The article continues:
Hudgens said that he and his wife, Suzanne, have been praying about whether he should run. He said they reached a decision Friday morning.
Fair enough — running for Congress certainly isn’t for everybody. However, it would probably have been a better decision for Hudgens to have given the matter a bit more thought before he severely disrespected the previous officeholder with his rushing to announce candidacy on the day of Charlie Norwood’s death. If his decision on running wasn’t reached until today, then his foolishly-timed announcement of candidacy was an even more inexplicably poor choice.

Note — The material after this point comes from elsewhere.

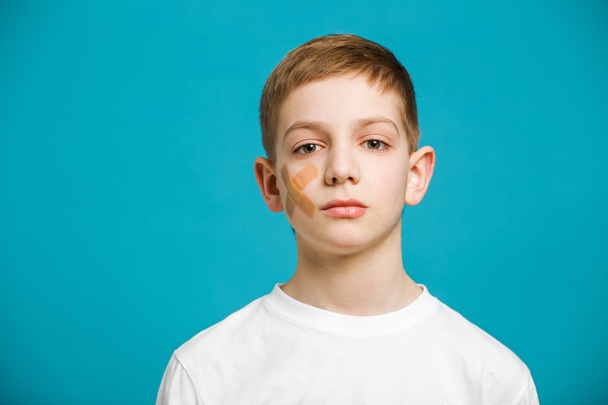 Portrait of a boy with adhesive plaster on his cheek - Foto, afbeelding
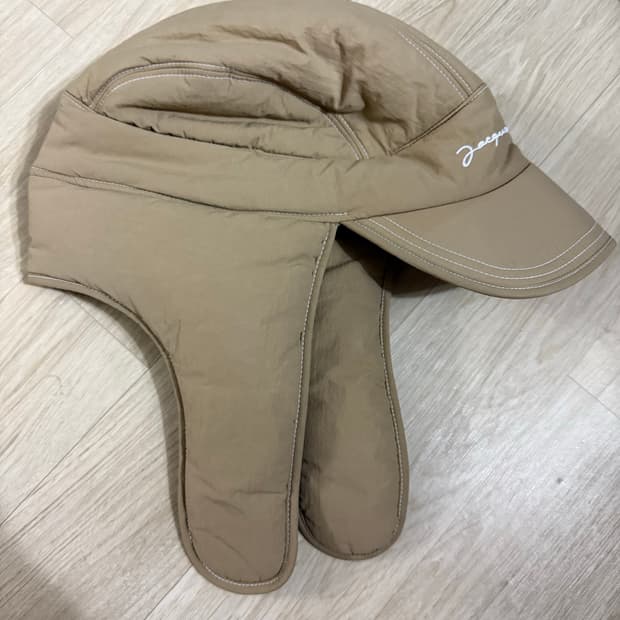  자크뮈스 라 카굴 브리치올라 퍼프 이어 플랩 햇 트루퍼햇 베이지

“I’ve been out here three weeks on the campaign trail,” said Hudgens. “I just don’t have the fire in the belly that I need to do this. I’ve had tremendous reception everywhere I’ve gone. I just feel like I really don’t want to do this. I love being in the senate.” …Hudgens said that he will seek re-election to his District 47 post in 2008.
Again, there is no problem with that sentiment, or with that decision.
The problem comes from Hudgens’s abysmally foolish decision to announce his candidacy just as Mr. Norwood’s death was becoming public knowledge (a decision which almost certainly eroded potential support for his campaingn, and contributed to the ultimate decision to withdraw from the race), and from the domino effect his announcement of candidacy had on the region — including on Brian Kemp, who had announced that he was running to succeed Hudgens in the 47th, had filed for a campaign committee to raise cash for the run, and had garnered the endorsements of the entire Senate GOP Caucus and the Lieutenant Governor.
Hudgens’s decision to withdraw from the race was a good one. What little chance he might have theoretically had of winning the race likely evaporated the day of Mr. Norwood’s death, when Hudgens showed that he lacked even enough respect for a just-deceased colleague to even “wait until the body was cold” before rushing out to claim a stake in the 10th CD legacy. Hopefully Mr. Hudgens will take a lesson in grace and humility from this experience, and will apply it to his political and personal endeavors in the future.
The future of the 47th district may be an open question, as well. With Brian Kemp having been able to garner such wide support for a potential run (for a seat which had not officially been vacated yet), there is the possibility that Hudgens may soon be facing a primary challenge in the district — and from a former colleague. That is, of course, simply speculation; it is just as likely that Mr. Kemp would, out of a respect for his colleagues which Mr. Hudgens appears not to possess, decline to challenge an incumbent Republican in the ’08 primary.
However, were he to do so, there is a very good chance that he would win.